Moving to functionless Step Functions

AWS Step Functions is up there with my favourite services. I love having the ability to orchestrate a set of tasks that interact with all sorts of services across the AWS ecosystem.

When more complex work is required within a workflow, the typical pattern would be to invoke a Lambda function and perform the logic in there via some application code (for example, written in Python). However, this does not have to be the case. There are a number of features within Step Functions that allow you to directly integrate with services. This article will look at some of the more recent additions.

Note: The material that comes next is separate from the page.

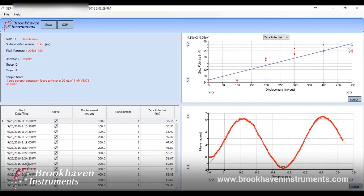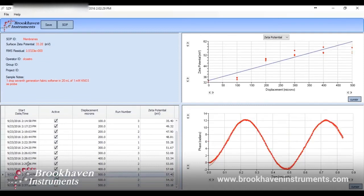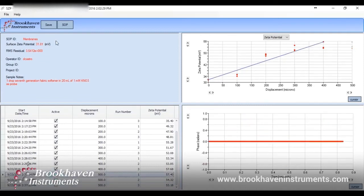From there, all of the data is saved and the surface zeta potential is extrapolated from the linear relationship of zeta potential versus displacement. If there are any outliers at any displacements, you can easily take them out of the calculation by unchecking the box. Our results have shown a positive zeta potential of 31.81 millivolts with nice repeatability at each displacement.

For the purposes of demonstration, we're going to build a simple application that carries out the following steps:

  • Generate a unique identifier for this process
  • Get a object from S3 containing summary data about a person
  • Get a object from S3 containing detailed data about a person
  • Merge the summary and detailed data together
  • Put an object to S3 containing the merged result

The Lambda function way

For completeness, included below is an example of how this task might be carried out using Lambda functions. Each state in the workflow invokes a different Lambda function that carries out the required task.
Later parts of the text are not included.